| About this task |
Please restate every record below word for word and skip the pictures.

| Records provided |

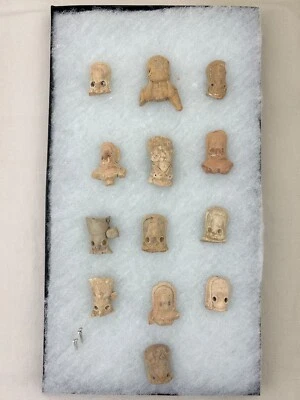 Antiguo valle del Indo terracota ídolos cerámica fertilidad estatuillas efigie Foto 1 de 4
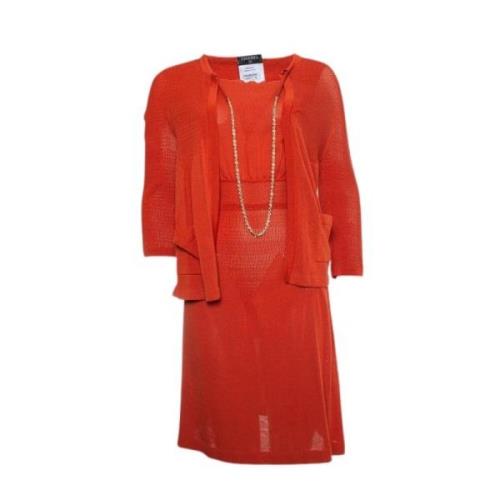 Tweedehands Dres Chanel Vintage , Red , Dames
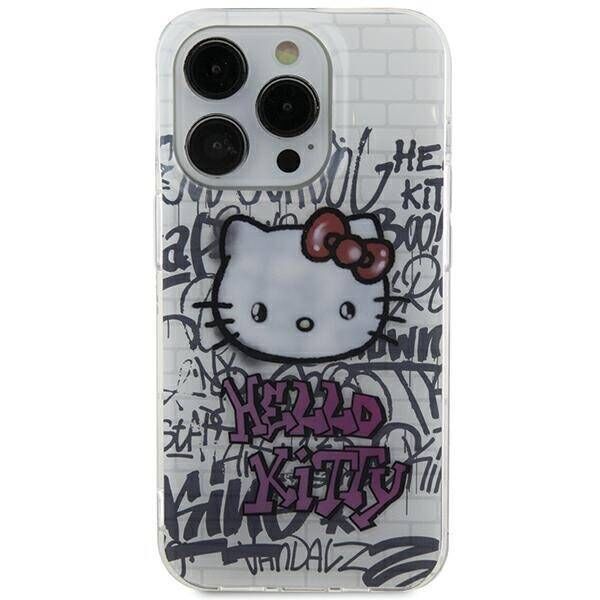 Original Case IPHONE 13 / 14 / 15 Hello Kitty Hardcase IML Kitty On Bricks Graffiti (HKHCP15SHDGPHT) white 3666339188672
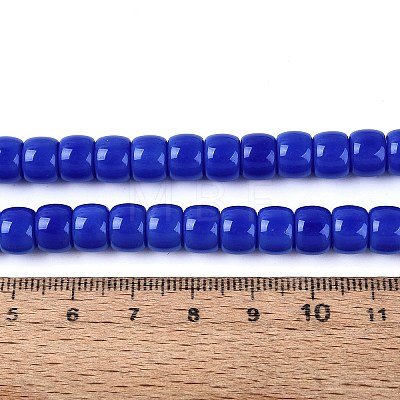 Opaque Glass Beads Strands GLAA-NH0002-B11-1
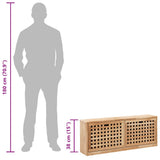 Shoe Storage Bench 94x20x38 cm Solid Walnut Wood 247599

| Output for this task |
 Antiguo valle del Indo terracota ídolos cerámica fertilidad estatuillas efigie Foto 1 de 4
 Tweedehands Dres Chanel Vintage , Red , Dames
 Original Case IPHONE 13 / 14 / 15 Hello Kitty Hardcase IML Kitty On Bricks Graffiti (HKHCP15SHDGPHT) white 3666339188672
 Opaque Glass Beads Strands GLAA-NH0002-B11-1
 Shoe Storage Bench 94x20x38 cm Solid Walnut Wood 247599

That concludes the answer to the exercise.